### Provided records
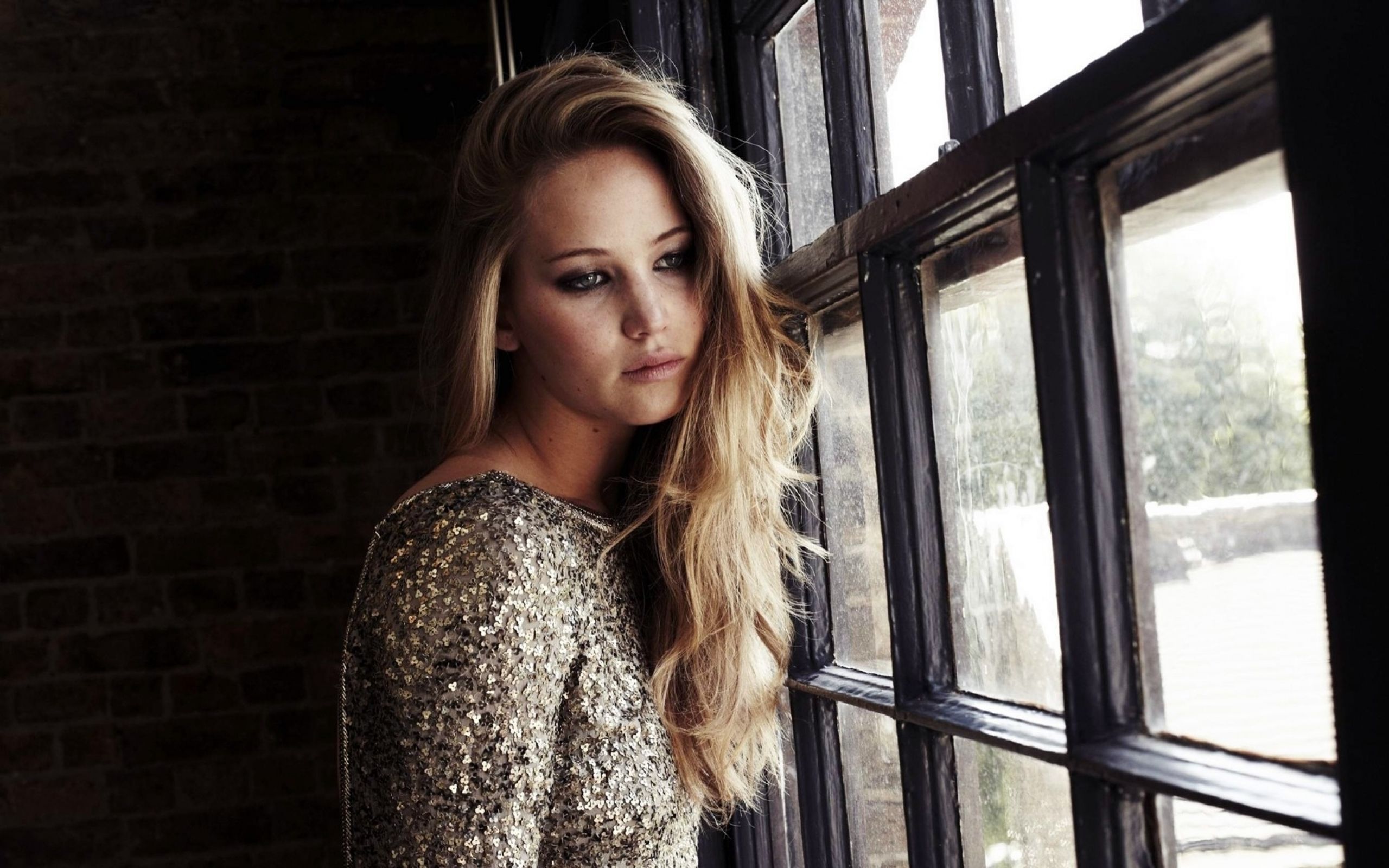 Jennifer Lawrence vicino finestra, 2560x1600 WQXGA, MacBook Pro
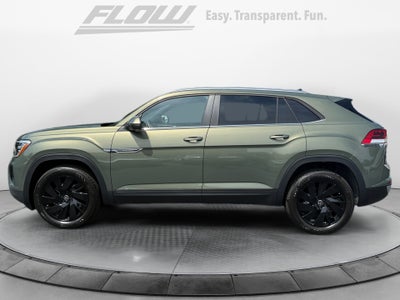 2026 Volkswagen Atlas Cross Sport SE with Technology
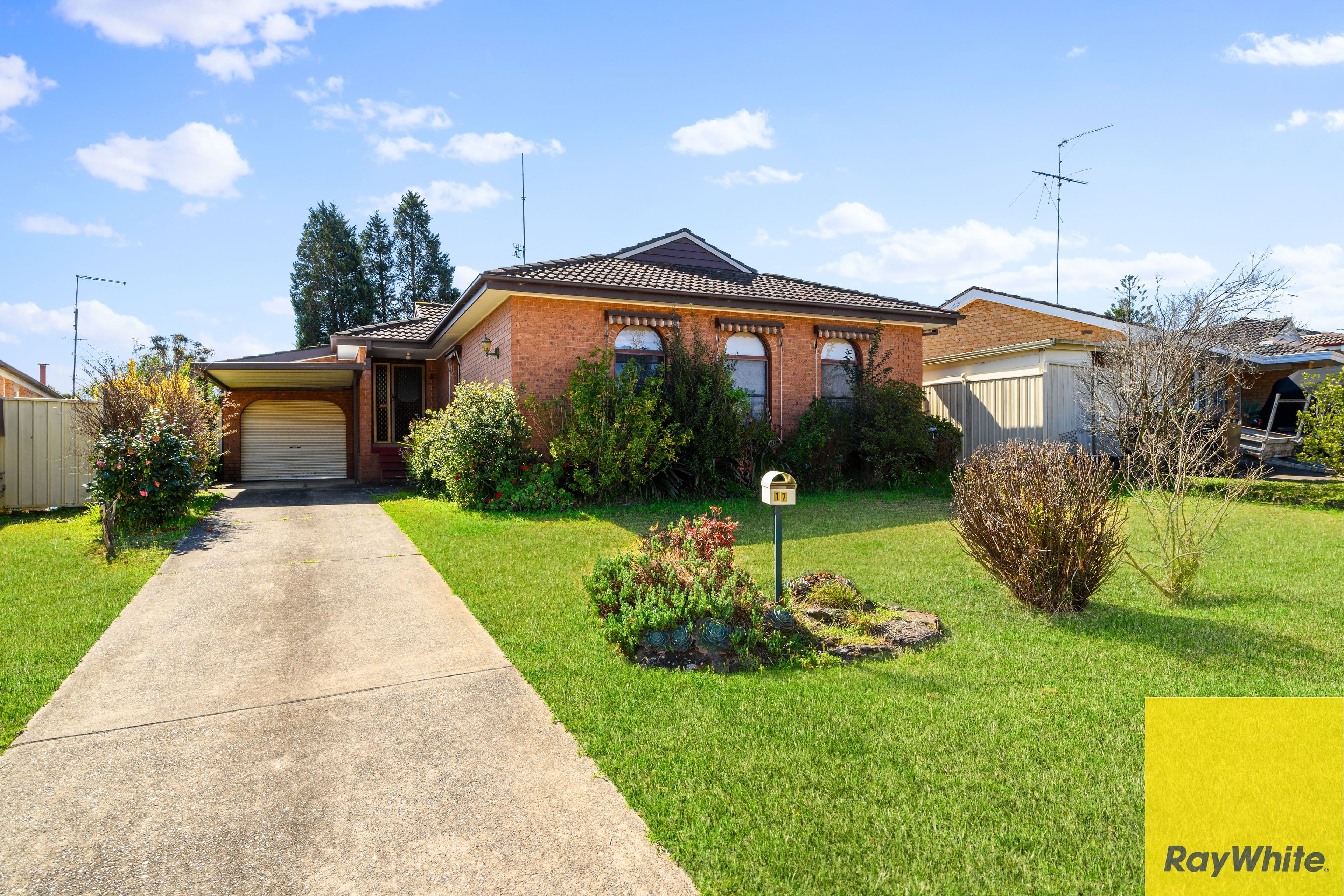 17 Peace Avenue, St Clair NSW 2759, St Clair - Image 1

==

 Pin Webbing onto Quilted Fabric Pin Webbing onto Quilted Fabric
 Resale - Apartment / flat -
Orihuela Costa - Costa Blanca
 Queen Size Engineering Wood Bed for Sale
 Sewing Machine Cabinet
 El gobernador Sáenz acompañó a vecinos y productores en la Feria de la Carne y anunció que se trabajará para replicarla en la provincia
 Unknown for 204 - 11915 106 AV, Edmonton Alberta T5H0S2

--

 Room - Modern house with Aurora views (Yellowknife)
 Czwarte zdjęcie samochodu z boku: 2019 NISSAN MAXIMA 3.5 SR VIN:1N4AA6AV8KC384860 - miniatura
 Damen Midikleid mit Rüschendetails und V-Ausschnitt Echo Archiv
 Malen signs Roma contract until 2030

### Work to be completed
Find "Resale - Apartment" in the entries above and copy that whole line exactly, then each line after it through the line that contains "Unknown for 204".

### Your response
 Resale - Apartment / flat -
Orihuela Costa - Costa Blanca
 Queen Size Engineering Wood Bed for Sale
 Sewing Machine Cabinet
 El gobernador Sáenz acompañó a vecinos y productores en la Feria de la Carne y anunció que se trabajará para replicarla en la provincia
 Unknown for 204 - 11915 106 AV, Edmonton Alberta T5H0S2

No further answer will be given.